▸ **Problem details**
Every record gets copied exactly, and no picture goes with it.

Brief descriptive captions
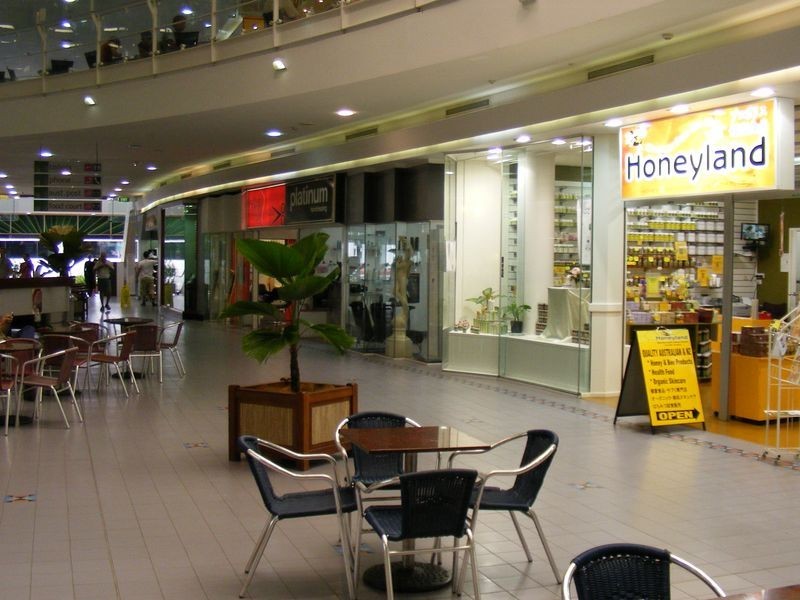 Shop 5B/58 Lake Street, Cairns QLD 4870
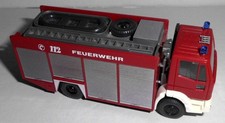 Feuerwehr IVECO RW 2, ein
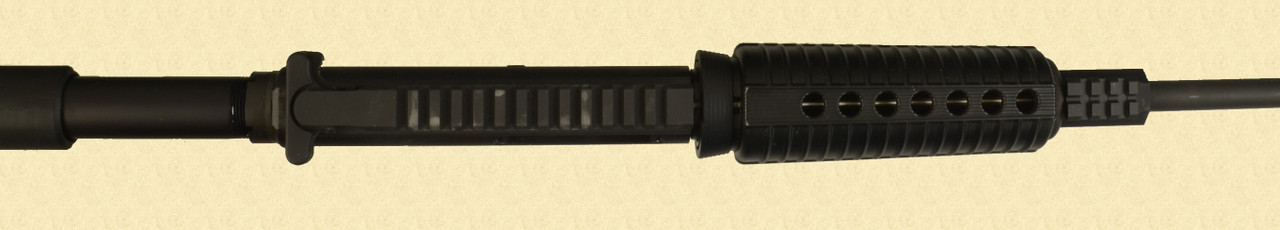 DPMS MODEL A-15 RIFLE - C42670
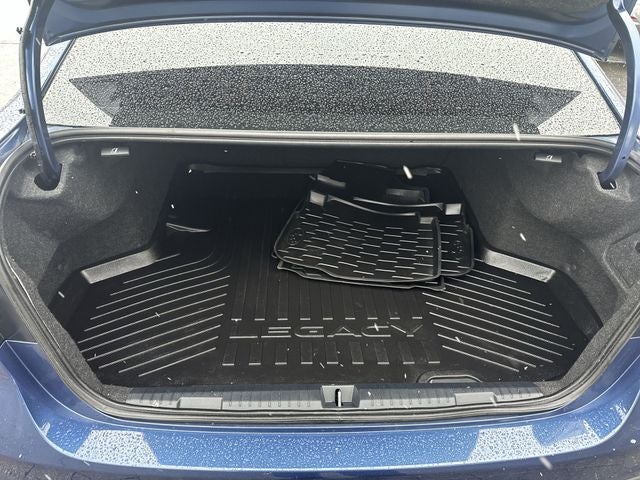 2022 Subaru Legacy Limited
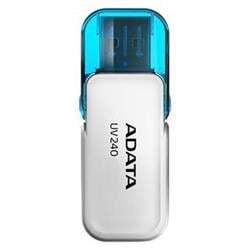 ADATA UV240 32GB bílý (AUV240-32G-RWH)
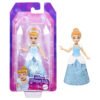 DISNEY PRINCES PRINCIPESSA SMALL HLW69 HPL55 - assortimento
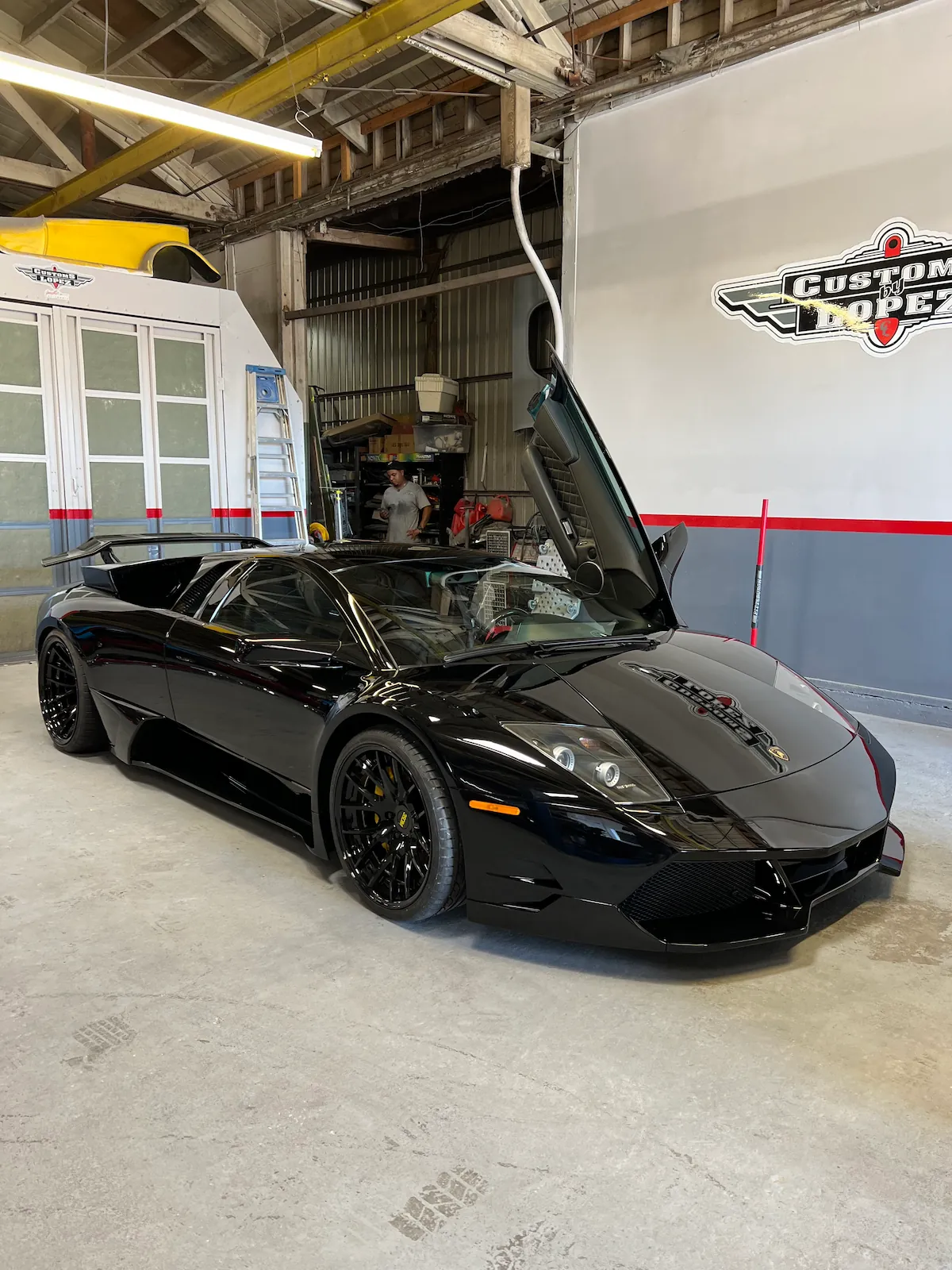 Collision Repair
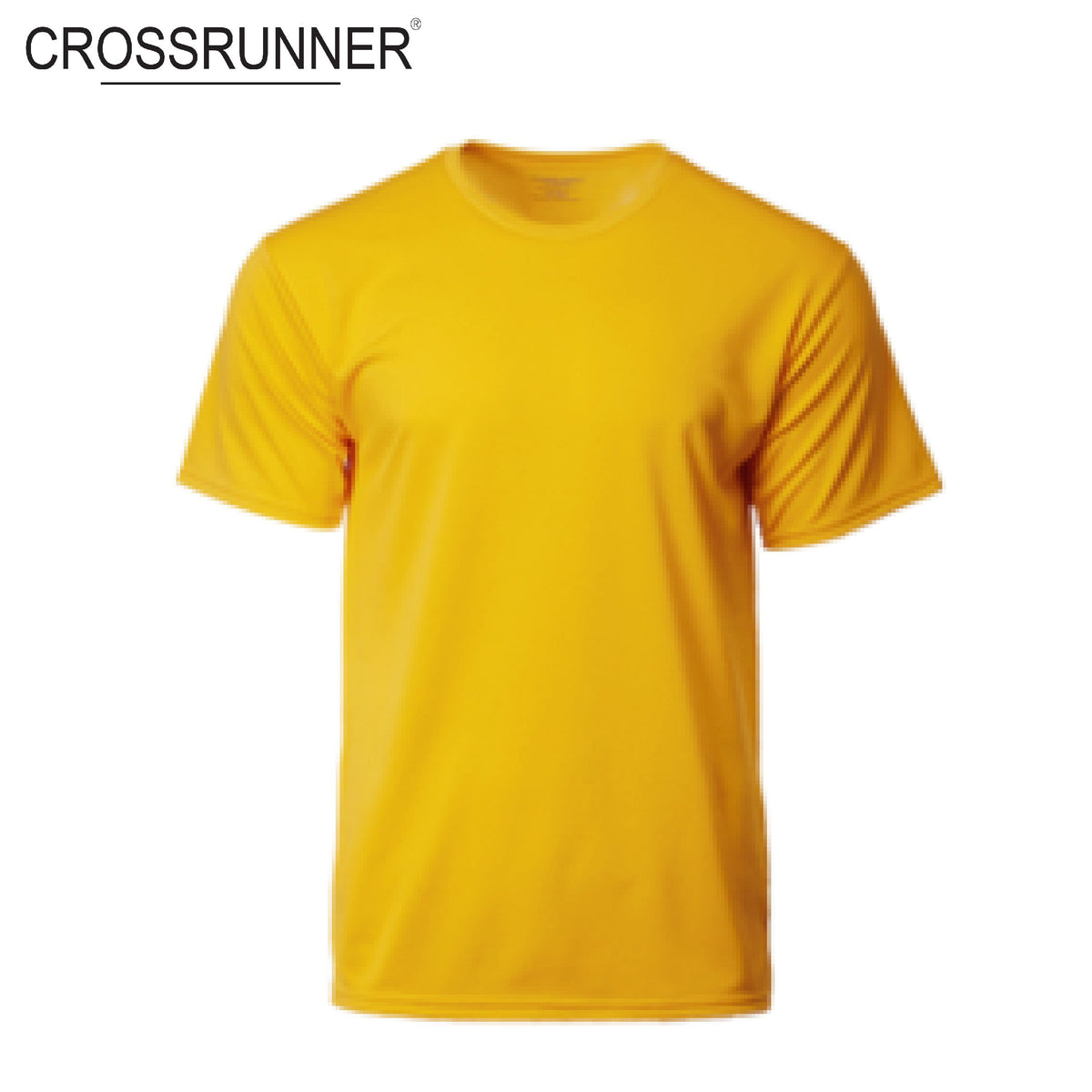 Crossrunner 3600 Round Neck T-Shirt by Corporate Gift Store Singapore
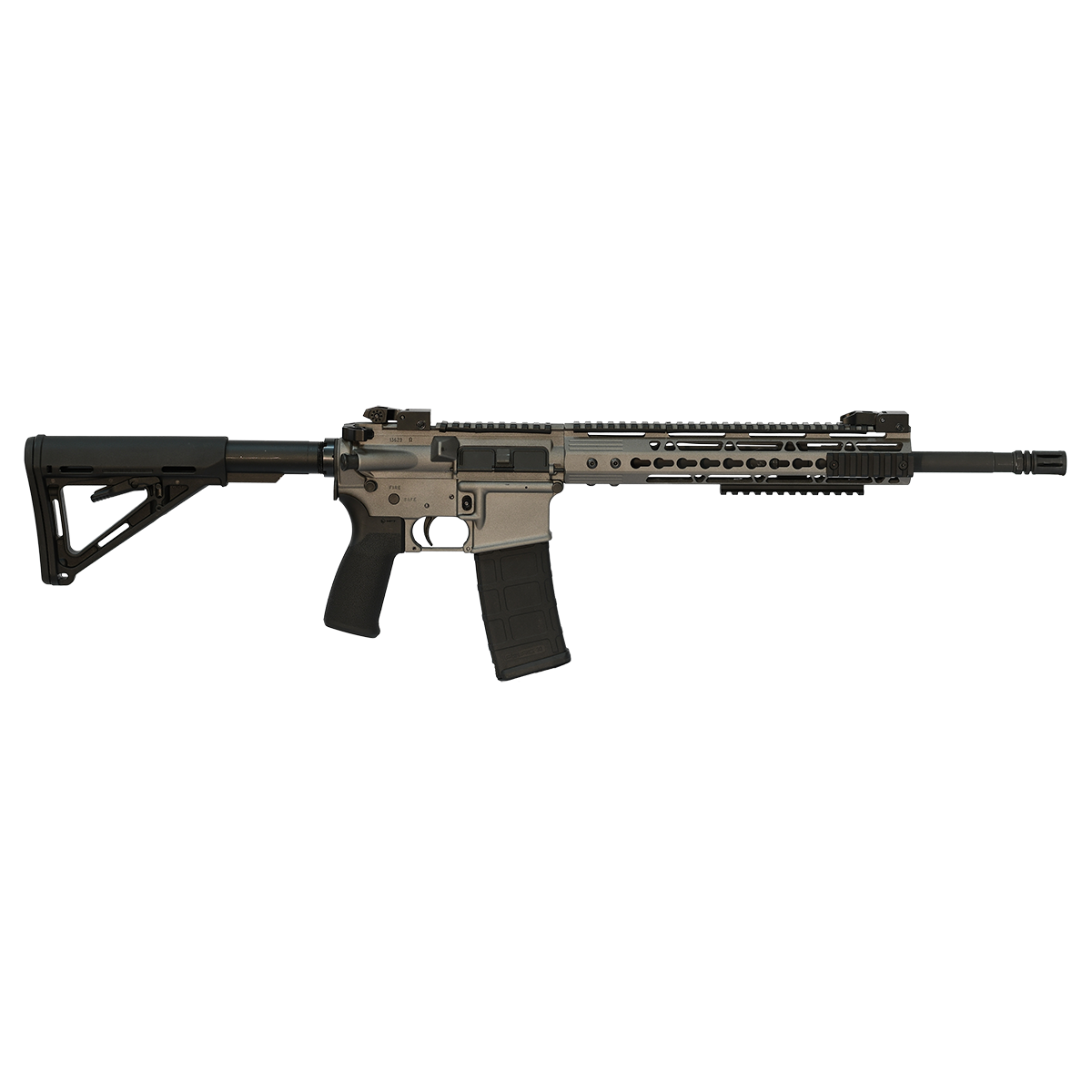 PNA M4 Carbine 5.56mm – PNA Unlimited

▸ **Exercise response**
 Shop 5B/58 Lake Street, Cairns QLD 4870
 Feuerwehr IVECO RW 2, ein
 DPMS MODEL A-15 RIFLE - C42670
 2022 Subaru Legacy Limited
 ADATA UV240 32GB bílý (AUV240-32G-RWH)
 DISNEY PRINCES PRINCIPESSA SMALL HLW69 HPL55 - assortimento
 Collision Repair
 Crossrunner 3600 Round Neck T-Shirt by Corporate Gift Store Singapore
 PNA M4 Carbine 5.56mm – PNA Unlimited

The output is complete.